Por Ignacio Marín (@ij_marin)

Llaman a la puerta, hacía mucho. Siempre espero que llamen de nuevo. Los pocos que lo hacen son esos niños de traje que quieren comprarme el piso. Sus sonrisas se marchan volando cuando les digo que vivo de alquiler. Suena el timbre otra vez. Me levanto. “¡Voy!”, grito mientras camino con dificultad por el pasillo. Últimamente me duele a rabiar la prótesis de la cadera. Traté de ir al médico, pero me volvieron a citar por la tarde. Me salió a cuenta quedarme todo el día sentada en esos asientos metálicos del centro de salud. Cuando iban a cerrar me dijeron que mejor me fuera a las urgencias del hospital. Me fui a casa con más dolor todavía y me tomé un ibuprofeno.
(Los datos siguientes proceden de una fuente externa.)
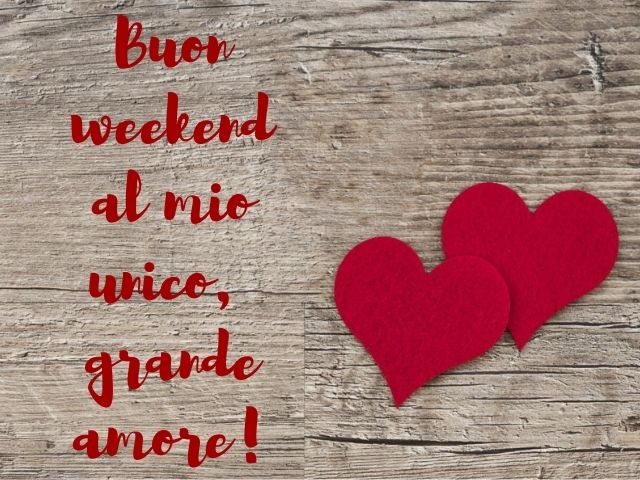 Buon weekend al mio unico, grande amore!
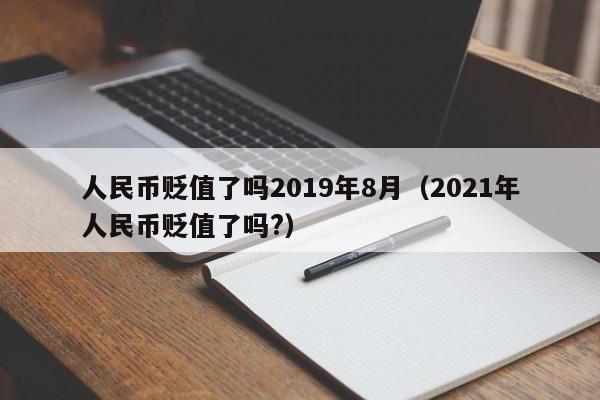 人民币贬值了吗2019年8月（2021年人民币贬值了吗?）-第1张图片-科灵网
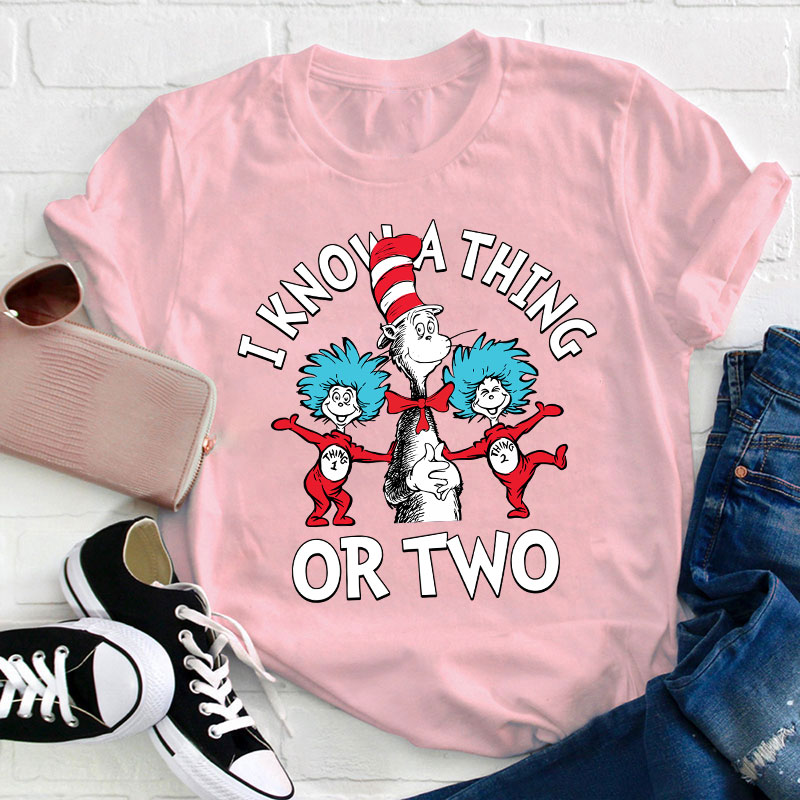 I Know A Thing Or Two Teacher T-Shirt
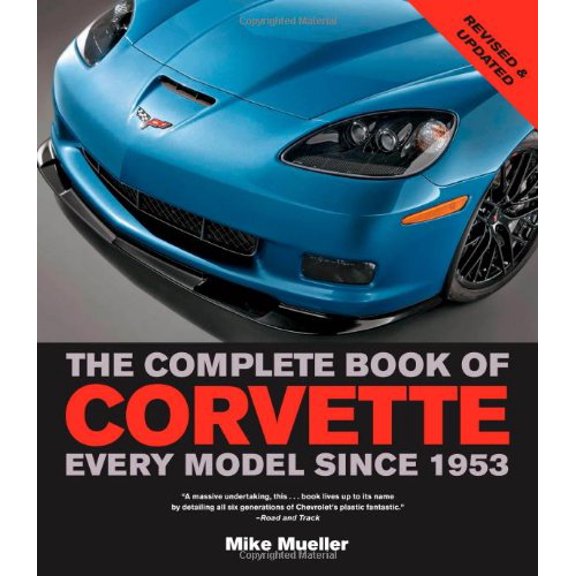 Pre-Owned The Complete Book of Corvette: Every Model Since 1953 (Complete Book Series) (Flexibound) 0760341400 9780760341407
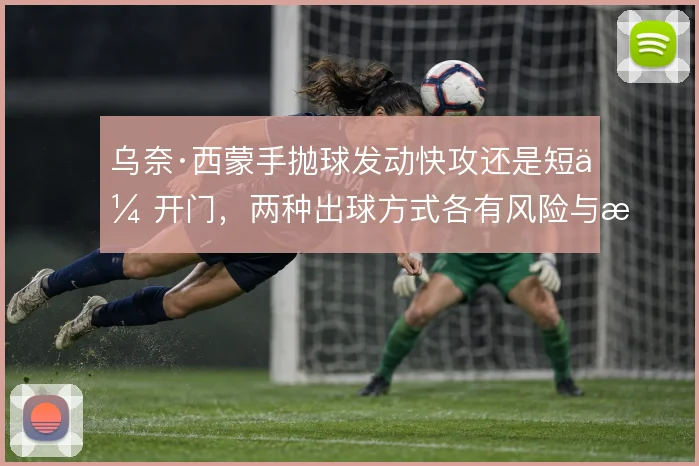 乌奈·西蒙手抛球发动快攻还是短传开门，两种出球方式各有风险与收益
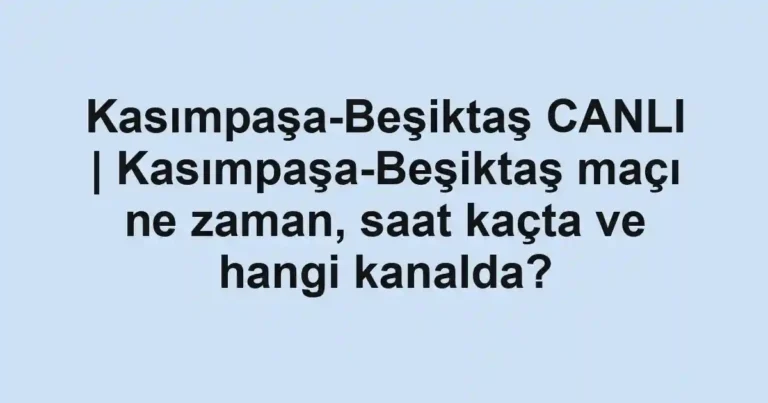 Kasımpaşa-Beşiktaş CANLI | Kasımpaşa-Beşiktaş maçı ne zaman, saat kaçta ve hangi kanalda?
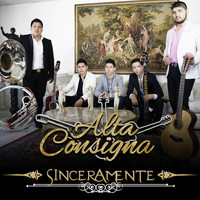 Alta Consigna - Sinceramente (Explicit)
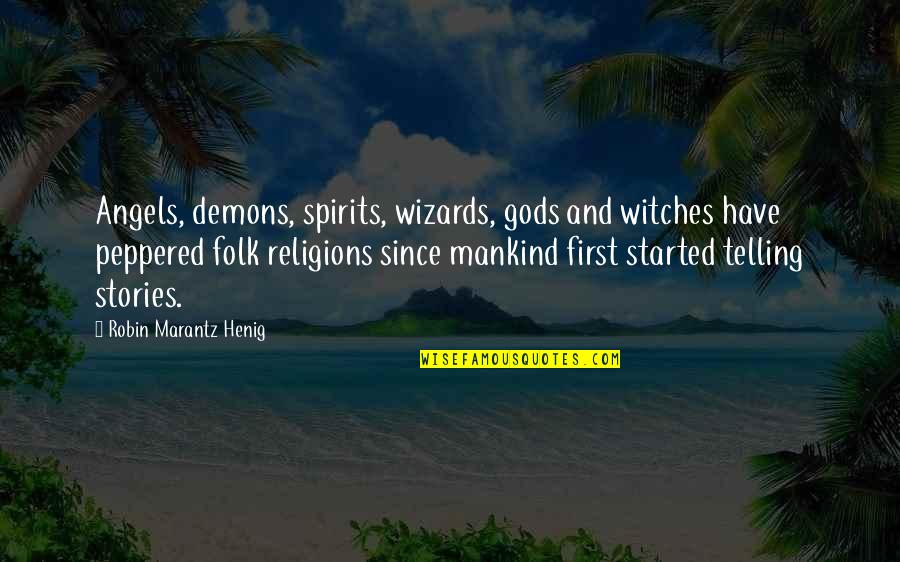 Probemas Quotes By Robin Marantz Henig: Angels, demons, spirits, wizards, gods and witches have Probemas Quotes By Robin Marantz Henig: Angels, demons, spirits, wizards, gods and witches have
Vuelve a sonar al timbre. Por un segundo pienso que podía ser Carmen, pero Carmen no puede ser. No se llevaba muy bien con la casera. Quería subirle el alquiler de 600 a 1.200. Se conoce que han sacado una ley y esas subidas ya no se pueden hacer. Pero Carmen no tenía contrato y siempre le pagaba en metálico. Terminó cortándole el agua y la luz. Carmen se fue a una habitación. Su piso se alquila ahora a turistas. A veces arman mucha bulla.
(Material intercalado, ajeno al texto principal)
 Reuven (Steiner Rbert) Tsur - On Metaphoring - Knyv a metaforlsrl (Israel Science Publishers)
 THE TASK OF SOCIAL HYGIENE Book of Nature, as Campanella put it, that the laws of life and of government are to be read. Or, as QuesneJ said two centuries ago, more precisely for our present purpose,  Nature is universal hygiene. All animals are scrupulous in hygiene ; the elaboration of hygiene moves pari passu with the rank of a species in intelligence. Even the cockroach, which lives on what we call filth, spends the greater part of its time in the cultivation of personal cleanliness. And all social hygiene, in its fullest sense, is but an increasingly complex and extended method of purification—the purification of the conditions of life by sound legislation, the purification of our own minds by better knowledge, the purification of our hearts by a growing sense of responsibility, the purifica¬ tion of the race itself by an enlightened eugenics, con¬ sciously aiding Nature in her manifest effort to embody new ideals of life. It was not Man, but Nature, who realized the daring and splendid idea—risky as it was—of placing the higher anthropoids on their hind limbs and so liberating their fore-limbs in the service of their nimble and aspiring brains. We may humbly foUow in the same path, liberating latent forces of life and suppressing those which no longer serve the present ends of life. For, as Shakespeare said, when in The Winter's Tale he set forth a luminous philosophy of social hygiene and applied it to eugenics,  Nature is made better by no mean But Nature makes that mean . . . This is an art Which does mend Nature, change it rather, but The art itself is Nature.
Pienso en Araceli, pero Araceli no puede ser. Consiguió plaza hace unos años en una residencia. Al principio estaba muy contenta, pero las cosas comenzaron a ir mal. La comida era poca y mala. Cuando fui a verla por última vez, se le notaban los huesos. Luego vino lo del coronavirus. Me escribió muy triste una noche. Que tenía mucha fiebre y que nadie había pasado a verla en todo el día. Al día siguiente ya no se despertó. Pobrecita.
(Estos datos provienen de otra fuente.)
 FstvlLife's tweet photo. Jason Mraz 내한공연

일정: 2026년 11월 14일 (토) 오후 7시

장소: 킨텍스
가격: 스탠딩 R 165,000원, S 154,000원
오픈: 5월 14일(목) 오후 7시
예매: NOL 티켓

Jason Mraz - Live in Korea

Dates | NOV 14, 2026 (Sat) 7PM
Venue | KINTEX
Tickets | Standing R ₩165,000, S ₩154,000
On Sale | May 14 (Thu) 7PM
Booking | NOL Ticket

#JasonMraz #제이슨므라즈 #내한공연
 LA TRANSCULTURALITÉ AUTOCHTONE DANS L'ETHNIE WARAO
Podría ser Jesús, el del bar, pero Jesús no puede ser. Cerró hace como seis meses. Me traía comida y era muy cariñoso. Pero también le subieron el alquiler. Tuvo que echar a Edgar. Era dominicano o algo así. El muchacho era un amor y tenía a su mamá enferma en su país. Pero, aun así, Jesús tuvo que cerrar al poco. Es una pena, cocinaba rico. Ahora es una casa de apuestas. No me gusta, porque van chicos jóvenes y se pasan ahí todo el día. Parecen desesperados. Me dan pena.

Cuando voy a llegar a la puerta, me recorre un escalofrío. Puede ser la casera otra vez. Hace poco me dijo que me tenía que subir el alquiler. Que iba a tener que ir al juzgado. Pobre, debe estar pasándolo mal cuando se lo tiene que decir a todos sus inquilinos. Tiene muchos pisos en el barrio. Y plazas de garaje. Pero yo no puedo pagar más con la pensión que tengo. Apenas me llega para comer. He tenido que ir a eso de la despensa solidaria. Son muy majos y tienen cosas ricas.

Abro la puerta. Menos mal, son las chicas de la última vez. Sus sonrisas no se marchan volando como las de los niños de la inmobiliaria. Llevan camisetas verdes en las que pone PAH. No sé muy bien qué significa, pero me ayudan mucho con lo de la subida del alquiler. Dicen que la casera no puede hacer eso y que, pase lo que pase, voy a seguir en mi casa.

Me pongo muy contenta, son cariñosas. Cuando se despiden, siempre me dicen lo mismo: no estás sola.